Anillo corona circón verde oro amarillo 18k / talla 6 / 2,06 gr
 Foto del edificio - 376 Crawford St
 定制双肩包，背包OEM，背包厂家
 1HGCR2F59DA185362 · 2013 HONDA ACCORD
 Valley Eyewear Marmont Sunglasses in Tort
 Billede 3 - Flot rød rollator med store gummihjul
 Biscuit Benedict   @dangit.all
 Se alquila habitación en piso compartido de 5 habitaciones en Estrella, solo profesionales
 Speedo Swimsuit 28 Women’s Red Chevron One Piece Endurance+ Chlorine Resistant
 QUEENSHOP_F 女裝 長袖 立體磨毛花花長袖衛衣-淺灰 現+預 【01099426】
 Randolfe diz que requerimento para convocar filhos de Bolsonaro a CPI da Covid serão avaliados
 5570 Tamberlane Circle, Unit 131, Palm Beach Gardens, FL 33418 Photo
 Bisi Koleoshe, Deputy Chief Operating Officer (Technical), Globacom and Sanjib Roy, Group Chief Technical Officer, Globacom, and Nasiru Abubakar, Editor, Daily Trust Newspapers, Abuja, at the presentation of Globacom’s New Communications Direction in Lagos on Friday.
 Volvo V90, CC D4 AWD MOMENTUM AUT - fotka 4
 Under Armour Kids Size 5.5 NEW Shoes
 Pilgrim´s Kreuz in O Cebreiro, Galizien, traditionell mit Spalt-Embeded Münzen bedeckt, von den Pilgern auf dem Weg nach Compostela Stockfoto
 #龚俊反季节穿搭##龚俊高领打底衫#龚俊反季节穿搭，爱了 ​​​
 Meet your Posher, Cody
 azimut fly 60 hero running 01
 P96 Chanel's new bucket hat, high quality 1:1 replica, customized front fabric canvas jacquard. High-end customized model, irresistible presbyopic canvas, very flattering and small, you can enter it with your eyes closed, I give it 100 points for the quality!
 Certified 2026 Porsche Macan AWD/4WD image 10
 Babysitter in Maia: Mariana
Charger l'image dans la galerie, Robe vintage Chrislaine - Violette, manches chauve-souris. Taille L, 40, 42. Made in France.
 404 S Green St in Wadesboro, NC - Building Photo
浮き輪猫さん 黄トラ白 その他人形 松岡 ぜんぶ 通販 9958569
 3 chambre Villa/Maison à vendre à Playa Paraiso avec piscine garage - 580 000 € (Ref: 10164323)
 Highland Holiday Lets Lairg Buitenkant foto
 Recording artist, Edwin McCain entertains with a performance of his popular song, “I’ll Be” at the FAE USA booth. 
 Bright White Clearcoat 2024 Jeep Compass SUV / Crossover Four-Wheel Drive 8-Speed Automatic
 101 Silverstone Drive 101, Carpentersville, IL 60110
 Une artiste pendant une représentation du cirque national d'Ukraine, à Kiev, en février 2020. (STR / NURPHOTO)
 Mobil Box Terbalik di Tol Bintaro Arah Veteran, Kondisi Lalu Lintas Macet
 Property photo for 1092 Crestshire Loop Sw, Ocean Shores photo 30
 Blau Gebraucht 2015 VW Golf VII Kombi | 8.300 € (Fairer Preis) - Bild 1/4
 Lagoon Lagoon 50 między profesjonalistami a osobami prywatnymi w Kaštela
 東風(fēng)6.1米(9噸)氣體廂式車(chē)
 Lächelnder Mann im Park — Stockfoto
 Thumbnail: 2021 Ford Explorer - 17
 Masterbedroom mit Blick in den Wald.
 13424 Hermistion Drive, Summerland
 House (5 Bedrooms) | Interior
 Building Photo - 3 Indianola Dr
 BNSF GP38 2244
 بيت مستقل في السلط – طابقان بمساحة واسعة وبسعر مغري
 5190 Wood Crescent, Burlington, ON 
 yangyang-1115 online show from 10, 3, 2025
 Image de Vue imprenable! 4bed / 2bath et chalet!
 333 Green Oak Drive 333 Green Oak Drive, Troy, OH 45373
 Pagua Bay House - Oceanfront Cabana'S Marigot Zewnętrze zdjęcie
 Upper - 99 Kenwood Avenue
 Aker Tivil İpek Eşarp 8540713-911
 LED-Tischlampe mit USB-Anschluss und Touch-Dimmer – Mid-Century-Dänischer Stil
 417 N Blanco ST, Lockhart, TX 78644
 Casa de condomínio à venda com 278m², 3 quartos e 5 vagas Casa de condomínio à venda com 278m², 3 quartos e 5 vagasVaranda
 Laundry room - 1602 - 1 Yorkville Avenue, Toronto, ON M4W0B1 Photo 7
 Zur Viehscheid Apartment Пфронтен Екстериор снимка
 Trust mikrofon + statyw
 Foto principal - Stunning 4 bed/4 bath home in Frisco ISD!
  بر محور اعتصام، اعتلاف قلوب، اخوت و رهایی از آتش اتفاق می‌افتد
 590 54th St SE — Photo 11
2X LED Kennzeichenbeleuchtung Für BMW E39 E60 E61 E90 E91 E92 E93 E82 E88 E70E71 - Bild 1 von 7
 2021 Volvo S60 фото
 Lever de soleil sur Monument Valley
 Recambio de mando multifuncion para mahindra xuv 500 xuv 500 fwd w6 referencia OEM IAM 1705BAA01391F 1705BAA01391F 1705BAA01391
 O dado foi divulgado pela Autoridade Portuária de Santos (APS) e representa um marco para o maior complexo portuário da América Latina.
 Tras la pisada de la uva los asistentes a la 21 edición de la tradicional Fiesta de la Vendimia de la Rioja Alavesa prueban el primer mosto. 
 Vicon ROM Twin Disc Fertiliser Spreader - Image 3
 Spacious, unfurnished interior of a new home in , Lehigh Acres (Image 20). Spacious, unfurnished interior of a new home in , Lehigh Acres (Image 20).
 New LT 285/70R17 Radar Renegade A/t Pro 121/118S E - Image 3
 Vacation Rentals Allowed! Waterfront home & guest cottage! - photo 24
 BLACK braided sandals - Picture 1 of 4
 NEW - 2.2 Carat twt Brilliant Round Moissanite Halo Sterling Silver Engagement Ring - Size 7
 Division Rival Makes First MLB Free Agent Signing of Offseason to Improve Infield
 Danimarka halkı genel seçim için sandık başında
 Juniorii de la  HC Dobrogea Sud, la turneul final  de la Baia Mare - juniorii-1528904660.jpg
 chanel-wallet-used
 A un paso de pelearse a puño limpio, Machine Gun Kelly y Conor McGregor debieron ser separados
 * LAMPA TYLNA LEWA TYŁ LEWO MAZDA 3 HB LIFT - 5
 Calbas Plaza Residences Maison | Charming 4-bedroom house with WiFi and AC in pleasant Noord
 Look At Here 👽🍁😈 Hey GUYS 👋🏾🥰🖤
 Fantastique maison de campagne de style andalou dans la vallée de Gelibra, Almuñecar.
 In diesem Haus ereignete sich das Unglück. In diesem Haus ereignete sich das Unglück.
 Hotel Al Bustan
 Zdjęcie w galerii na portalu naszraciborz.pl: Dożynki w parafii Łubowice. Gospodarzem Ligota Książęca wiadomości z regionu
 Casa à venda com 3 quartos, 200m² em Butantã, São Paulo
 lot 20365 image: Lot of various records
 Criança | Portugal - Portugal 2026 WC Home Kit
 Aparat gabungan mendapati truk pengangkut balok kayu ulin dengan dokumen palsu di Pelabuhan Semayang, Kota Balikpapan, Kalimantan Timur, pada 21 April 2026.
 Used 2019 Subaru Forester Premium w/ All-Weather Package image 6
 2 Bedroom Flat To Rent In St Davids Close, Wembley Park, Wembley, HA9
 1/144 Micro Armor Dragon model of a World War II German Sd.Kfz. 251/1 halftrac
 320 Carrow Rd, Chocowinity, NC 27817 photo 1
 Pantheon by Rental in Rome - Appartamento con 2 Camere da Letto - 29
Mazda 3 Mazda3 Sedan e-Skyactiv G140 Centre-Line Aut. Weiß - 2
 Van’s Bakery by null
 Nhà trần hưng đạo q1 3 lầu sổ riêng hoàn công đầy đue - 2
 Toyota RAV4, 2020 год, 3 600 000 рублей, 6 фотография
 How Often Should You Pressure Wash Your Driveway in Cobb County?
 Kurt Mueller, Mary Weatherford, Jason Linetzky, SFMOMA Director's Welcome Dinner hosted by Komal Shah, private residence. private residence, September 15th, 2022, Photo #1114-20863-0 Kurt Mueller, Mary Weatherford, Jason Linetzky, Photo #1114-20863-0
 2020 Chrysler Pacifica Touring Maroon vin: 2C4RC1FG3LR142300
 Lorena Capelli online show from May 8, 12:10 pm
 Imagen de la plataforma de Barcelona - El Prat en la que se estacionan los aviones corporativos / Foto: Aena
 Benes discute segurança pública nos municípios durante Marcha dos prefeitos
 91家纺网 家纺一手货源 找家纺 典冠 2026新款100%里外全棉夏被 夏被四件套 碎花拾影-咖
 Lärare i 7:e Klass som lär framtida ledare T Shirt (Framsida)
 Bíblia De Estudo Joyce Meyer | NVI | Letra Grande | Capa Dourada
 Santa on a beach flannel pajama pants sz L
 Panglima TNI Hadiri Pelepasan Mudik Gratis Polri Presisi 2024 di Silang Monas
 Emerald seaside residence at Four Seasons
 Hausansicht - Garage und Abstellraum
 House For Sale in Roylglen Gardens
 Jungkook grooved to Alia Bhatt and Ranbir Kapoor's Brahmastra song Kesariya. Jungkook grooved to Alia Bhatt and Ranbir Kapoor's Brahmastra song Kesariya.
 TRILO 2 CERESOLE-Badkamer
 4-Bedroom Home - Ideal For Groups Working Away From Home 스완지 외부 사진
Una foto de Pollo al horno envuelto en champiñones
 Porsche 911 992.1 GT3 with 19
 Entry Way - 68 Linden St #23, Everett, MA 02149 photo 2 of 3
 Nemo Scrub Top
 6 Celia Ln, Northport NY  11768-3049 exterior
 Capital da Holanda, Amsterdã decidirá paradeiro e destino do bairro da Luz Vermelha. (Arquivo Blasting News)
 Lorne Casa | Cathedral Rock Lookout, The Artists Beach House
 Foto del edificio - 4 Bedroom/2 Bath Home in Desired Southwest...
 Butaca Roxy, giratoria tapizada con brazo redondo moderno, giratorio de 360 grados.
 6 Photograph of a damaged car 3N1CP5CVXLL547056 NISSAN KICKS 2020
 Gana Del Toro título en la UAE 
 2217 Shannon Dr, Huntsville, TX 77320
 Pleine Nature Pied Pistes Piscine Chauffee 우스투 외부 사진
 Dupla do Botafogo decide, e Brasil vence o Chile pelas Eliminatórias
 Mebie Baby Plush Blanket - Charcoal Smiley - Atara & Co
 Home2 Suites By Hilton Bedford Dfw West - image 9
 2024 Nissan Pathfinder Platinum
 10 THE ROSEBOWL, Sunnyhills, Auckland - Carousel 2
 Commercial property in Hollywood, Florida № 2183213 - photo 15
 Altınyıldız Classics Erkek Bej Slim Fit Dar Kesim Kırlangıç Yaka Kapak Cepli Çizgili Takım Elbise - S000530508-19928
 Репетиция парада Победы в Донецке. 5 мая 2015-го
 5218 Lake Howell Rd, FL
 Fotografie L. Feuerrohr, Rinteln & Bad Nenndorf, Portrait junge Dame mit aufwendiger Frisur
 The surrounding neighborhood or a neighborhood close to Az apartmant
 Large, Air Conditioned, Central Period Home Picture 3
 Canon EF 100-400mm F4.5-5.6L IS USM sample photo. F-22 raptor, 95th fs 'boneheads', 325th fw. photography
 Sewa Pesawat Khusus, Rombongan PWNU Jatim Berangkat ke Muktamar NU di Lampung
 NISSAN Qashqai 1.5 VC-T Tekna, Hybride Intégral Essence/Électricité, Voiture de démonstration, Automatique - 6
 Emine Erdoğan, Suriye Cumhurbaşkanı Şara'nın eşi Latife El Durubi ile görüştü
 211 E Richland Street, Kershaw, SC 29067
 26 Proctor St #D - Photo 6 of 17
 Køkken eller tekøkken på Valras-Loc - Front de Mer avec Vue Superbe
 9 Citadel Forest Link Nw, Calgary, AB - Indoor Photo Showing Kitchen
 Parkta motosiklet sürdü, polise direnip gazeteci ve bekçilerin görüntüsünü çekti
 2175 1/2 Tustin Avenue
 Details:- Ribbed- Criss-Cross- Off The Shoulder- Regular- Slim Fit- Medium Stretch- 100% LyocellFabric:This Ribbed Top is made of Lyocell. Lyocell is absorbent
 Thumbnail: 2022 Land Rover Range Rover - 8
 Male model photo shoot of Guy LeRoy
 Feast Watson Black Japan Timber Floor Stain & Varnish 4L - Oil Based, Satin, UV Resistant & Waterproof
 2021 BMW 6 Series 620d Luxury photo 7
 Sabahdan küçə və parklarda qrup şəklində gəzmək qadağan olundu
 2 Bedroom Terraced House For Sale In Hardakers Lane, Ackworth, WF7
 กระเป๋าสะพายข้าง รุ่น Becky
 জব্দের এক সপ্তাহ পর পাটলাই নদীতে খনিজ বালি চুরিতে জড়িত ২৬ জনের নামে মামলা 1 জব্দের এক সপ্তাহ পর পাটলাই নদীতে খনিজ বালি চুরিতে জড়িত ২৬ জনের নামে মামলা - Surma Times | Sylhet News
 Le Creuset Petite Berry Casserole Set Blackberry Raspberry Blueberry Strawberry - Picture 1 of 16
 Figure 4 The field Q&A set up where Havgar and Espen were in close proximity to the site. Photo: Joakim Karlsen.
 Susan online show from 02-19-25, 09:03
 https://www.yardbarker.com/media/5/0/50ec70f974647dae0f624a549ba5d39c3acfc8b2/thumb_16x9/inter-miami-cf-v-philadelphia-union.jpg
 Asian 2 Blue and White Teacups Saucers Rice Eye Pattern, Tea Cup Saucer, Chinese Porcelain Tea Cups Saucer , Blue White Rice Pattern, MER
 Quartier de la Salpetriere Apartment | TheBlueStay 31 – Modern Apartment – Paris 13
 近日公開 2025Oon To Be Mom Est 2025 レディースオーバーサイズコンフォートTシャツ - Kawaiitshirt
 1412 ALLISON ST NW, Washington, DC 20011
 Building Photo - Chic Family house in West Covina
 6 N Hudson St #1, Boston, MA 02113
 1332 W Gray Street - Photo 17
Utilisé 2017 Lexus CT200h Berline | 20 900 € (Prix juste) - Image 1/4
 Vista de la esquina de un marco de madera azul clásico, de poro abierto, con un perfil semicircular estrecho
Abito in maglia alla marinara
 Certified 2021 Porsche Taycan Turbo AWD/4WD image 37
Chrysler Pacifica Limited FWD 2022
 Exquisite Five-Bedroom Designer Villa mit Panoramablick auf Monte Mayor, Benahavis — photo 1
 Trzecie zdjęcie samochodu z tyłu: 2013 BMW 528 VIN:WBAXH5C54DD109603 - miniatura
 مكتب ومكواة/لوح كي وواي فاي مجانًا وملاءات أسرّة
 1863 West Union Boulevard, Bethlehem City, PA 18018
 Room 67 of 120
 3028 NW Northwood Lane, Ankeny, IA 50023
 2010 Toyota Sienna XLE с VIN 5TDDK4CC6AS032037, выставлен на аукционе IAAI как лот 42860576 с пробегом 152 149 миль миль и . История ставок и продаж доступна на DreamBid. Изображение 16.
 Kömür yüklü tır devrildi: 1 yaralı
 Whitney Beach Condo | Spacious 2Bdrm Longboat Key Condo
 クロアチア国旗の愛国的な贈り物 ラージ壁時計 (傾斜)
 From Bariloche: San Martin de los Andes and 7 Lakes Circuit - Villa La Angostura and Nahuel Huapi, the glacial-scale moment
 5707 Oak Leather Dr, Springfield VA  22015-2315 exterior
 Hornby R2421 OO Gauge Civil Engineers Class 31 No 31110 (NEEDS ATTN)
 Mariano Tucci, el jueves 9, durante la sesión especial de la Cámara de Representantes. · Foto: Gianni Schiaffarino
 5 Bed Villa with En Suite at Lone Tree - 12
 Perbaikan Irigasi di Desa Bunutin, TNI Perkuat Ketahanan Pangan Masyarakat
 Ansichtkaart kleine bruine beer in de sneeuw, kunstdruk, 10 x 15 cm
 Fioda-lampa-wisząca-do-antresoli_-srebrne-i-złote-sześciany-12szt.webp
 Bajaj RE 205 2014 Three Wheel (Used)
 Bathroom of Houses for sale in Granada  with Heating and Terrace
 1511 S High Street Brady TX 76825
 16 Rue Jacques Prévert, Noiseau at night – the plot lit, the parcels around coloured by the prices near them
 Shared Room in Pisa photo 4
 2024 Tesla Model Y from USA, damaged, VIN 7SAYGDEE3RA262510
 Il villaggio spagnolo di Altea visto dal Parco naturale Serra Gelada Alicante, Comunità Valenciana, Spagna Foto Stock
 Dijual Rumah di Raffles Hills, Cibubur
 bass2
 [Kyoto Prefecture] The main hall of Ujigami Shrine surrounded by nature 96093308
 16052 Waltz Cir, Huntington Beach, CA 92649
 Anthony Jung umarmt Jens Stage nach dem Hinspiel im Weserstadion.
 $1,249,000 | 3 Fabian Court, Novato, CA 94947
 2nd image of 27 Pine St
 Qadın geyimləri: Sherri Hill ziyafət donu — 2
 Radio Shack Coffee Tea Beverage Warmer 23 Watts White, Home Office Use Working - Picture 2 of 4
- - - -
### WHAT YOU SHOULD DO
Lines from the top of the data above through the line containing "浮き輪猫さん 黄トラ白 その他人形 松岡 ぜんぶ 通販 9958569" must be repeated exactly. All other lines stay out.

### TASK ANSWER
Anillo corona circón verde oro amarillo 18k / talla 6 / 2,06 gr
 Foto del edificio - 376 Crawford St
 定制双肩包，背包OEM，背包厂家
 1HGCR2F59DA185362 · 2013 HONDA ACCORD
 Valley Eyewear Marmont Sunglasses in Tort
 Billede 3 - Flot rød rollator med store gummihjul
 Biscuit Benedict   @dangit.all
 Se alquila habitación en piso compartido de 5 habitaciones en Estrella, solo profesionales
 Speedo Swimsuit 28 Women’s Red Chevron One Piece Endurance+ Chlorine Resistant
 QUEENSHOP_F 女裝 長袖 立體磨毛花花長袖衛衣-淺灰 現+預 【01099426】
 Randolfe diz que requerimento para convocar filhos de Bolsonaro a CPI da Covid serão avaliados
 5570 Tamberlane Circle, Unit 131, Palm Beach Gardens, FL 33418 Photo
 Bisi Koleoshe, Deputy Chief Operating Officer (Technical), Globacom and Sanjib Roy, Group Chief Technical Officer, Globacom, and Nasiru Abubakar, Editor, Daily Trust Newspapers, Abuja, at the presentation of Globacom’s New Communications Direction in Lagos on Friday.
 Volvo V90, CC D4 AWD MOMENTUM AUT - fotka 4
 Under Armour Kids Size 5.5 NEW Shoes
 Pilgrim´s Kreuz in O Cebreiro, Galizien, traditionell mit Spalt-Embeded Münzen bedeckt, von den Pilgern auf dem Weg nach Compostela Stockfoto
 #龚俊反季节穿搭##龚俊高领打底衫#龚俊反季节穿搭，爱了 ​​​
 Meet your Posher, Cody
 azimut fly 60 hero running 01
 P96 Chanel's new bucket hat, high quality 1:1 replica, customized front fabric canvas jacquard. High-end customized model, irresistible presbyopic canvas, very flattering and small, you can enter it with your eyes closed, I give it 100 points for the quality!
 Certified 2026 Porsche Macan AWD/4WD image 10
 Babysitter in Maia: Mariana
Charger l'image dans la galerie, Robe vintage Chrislaine - Violette, manches chauve-souris. Taille L, 40, 42. Made in France.
 404 S Green St in Wadesboro, NC - Building Photo
浮き輪猫さん 黄トラ白 その他人形 松岡 ぜんぶ 通販 9958569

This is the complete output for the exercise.